CAMINO DE SANTIAGO. CAMINO AL INTERIOR. VIGÉSIMO NOVENA ETAPA.

DIA 17 DE OCTUBRE:

DE LAVACOLLA A  SANTIAGO DE COMPOSTELA.


Tenía intención de salir tarde porque el kilometraje de la etapa me lo permitía, pero los nervios no me han dejado alargar la madrugada y, después de comer un plátano, he salido a caminar bastante temprano, con mi frontal en su último servicio de este Camino, último como últimas serán hoy otras vivencias y otros momentos .


A pesar de los nervios, me he tomado la distancia hasta Santiago como un paseo, como un adiós que quería retrasar. He relajado el ritmo y he disfrutado de la lluvia que caía con algo más de fuerza que el día anterior, aunque a mitad del Camino ha cesado por completo.

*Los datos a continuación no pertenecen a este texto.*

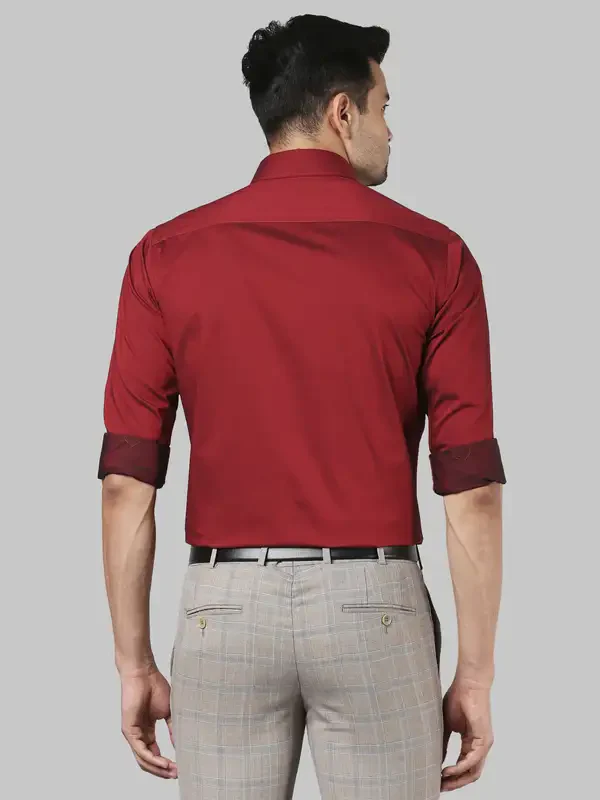 Men Red Slim Fit Solid Cotton Full Sleeve Shirts - Image 4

Me voy despidiendo de todo, de los caminos de la noche y de los lentos amaneceres, de los robles y de los castaños, de los eucaliptus y de las piedras, de los hórreos y de los frondosos caminos, de Galicia, de esta pequeña aventura, tan grata y apacible, que tanto me está dando. Han sido muchos días, muchos pasos, muchos amaneceres vividos en plena comunión con la naturaleza. Todo ha sido un vuelo sin dejar de ver ni pisar la tierra.


Siento tristeza y emoción contenida que me aísla un poco más de todo lo que me rodea y me encierra más en mí mismo. Siento una profundidad en mis pasos que sale de muy adentro.

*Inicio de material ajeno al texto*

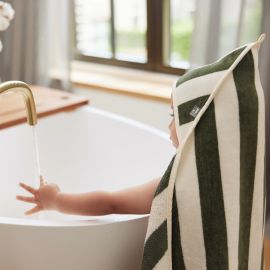 Jollein - Cape de bain Stripe éponge - Leaf Green GOTS - 75x75cm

En esta última etapa, pienso en mis amigos de San Adrián, especialmente en el grupo Remember Urbasa, en María Jesús, en Eva y en Felí. También en Nati. Todas ellas y aquellos otros que no nombro, son parte esencial de mi vida, de mis vivencias, de mi formación juvenil, tan importante, de risas y buenos recuerdos, porque los malos se olvidan, se quedan perdidos. Ahora, cumpliendo años, vuelven con más presencia a mi pensamiento e intento que también a mi vida. María Jesús, una caja llena de sorpresas y de potencialidad contenida; Eva, con una vida hecha de voluntad y esfuerzo, con la serenidad que dan las decisiones asumidas, la menos convivida; Feli, tan presente en este viaje, esperando que vuele en la vida con plenitud, que sonría, que supere las zonas grises que la vida pone en su camino. Natí, con tanto potencial que me apena se sumerja tanto tiempo en una vida cargada de añoranza, deseando que recupere la risa y la alegría en los ojos.

Así, caminando, llego a Monte do Gozo y fracasa mi primer proyecto del día que no era otro que ver amanecer desde el Monte, desde donde dicen que se ven las torres de la catedral de Santiago de Compostela.

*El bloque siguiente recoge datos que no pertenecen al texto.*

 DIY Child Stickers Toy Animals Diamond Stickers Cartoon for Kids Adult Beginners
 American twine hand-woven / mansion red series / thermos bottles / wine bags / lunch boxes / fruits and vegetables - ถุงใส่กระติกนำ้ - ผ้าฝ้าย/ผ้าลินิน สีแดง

Allí, arriba, paro un momento para sellar mi credencial en la capilla de San Marcos y despedirme también de estas pequeñas ermitas del Camino.


La realidad se ha impuesto: llueve, las nubes se posan, húmedas, entre los árboles y entre éstos y los tejados, y la visibilidad es casi nula.


No tengo ni idea sobre el tiempo que tardarán en levantar estas nubes ni si lo harán en todo el día. Por eso, sigo el Camino y me enfrento al rodeo que hay que dar, por obras, a la entrada de Santiago que alarga tres kilómetros el trazado del día.


Al entrar en Santiago, supongo que en parte debido a los nervios de la llegada o por otros motivos como podrían ser la proximidad a la meta, la modernidad del extrarradio por el que paso, el denso tráfico de esa hora y la sensación de agobio que deja ese tráfico en días de lluvia, me traslado sin querer a lo que sería la llegada de un peregrino a Santiago en el medievo.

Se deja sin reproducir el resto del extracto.